Ragazzini, straniere, famiglie: cambia l’utenza al consultorio di Imola. La responsabile: “Si è abbassato il muro della vergogna”

Sempre più adolescenti, sempre più genitori, sempre più donne straniere. I tempi cambiano e si vede anche dall’osservatorio del Consultorio familiare di Imola, che insieme allo Spazio Giovani inaugurerà la nuova sede venerdì 1 febbraio all’interno dell’ospedale nuovo. Un’occasione d’oro per fare il punto su progetti, andamenti, numeri.  Un bilancio che evidenzia positività e negatività, come spiega la responsabile Maria Grazia Saccotelli.
Dottoressa, da chi è composta la vostra utenza?
“Nello Spazio giovani è composta da adolescenti tra i 14 e i 19 anni. Nel consultorio, invece, da donne che abbracciano le varie fasi della vita. In entrambi i casi abbiamo un’equipe formata da psicologi, ostetriche, ginecologi”.
Quali sono i bisogni emergenti?
“Prima di tutto cresce il numero di donne straniere che si affacciano al consultorio. All’inizio degli anni Novanta alcune venivano a chiedere una visita ostetrico-ginecologica, poi progressivamente hanno allargato la tipologia delle loro richieste e oggi chiedono anche consultazioni psicologiche. Un fenomeno che ci ha fatto istituire, all’interno del servizio, uno spazio per la salute della donna migrante”.
Il fatto che sempre più ragazzini si rivolgano a voi, invece, come lo leggete?
“Da un lato è positivo perché i giovani sono più consapevoli dei propri bisogni e non hanno paura di farsi aiutare. Ciò non significa che stia diminuendo il disagio adolescenziale, anzi. In linea generale registriamo una sofferenza in termini di mancata autostima, scarsa fiducia in se stessi, fragilità narcisistica.
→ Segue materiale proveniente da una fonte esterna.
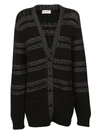 SAINT LAURENT SAINT LAURENT OVERSIZED LUREX STRIPE CARDIGAN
Non dimentichiamo, poi, l’aumento delle dipendenze e dei disturbi del comportamento alimentare che hanno anche portato ad istituire un servizio multidisciplinare all’interno della neuropsichiatria”.
I giovani vengono da soli o tramite i genitori?
“In certi casi arrivano autonomamente, anche perché siamo soliti andare nelle scuole per farci conoscere e quindi il servizio è a loro noto. Oppure il primo accesso lo fanno i genitori, che diventano una sorta di mediatori”.
C’è una crescita dei maschi che accedono?
“Sì, la riscontriamo. La parte maggiore la fanno ovviamente le ragazze, visto che trattiamo tematiche ostetrico-ginecologiche. Ma anche i ragazzi hanno iniziato a farsi vedere, sia dall’andrologo che dallo psicologo”.
Insomma, si è abbassato il muro della vergogna?
“Sì, anche da parte dei genitori. Oggi le tipologie di famiglia sono diverse e molteplici non c’è più un unico punto di riferimento. Quindi la richiesta di aiuto e sostegno è in crescita. Senza vergogna, appunto”.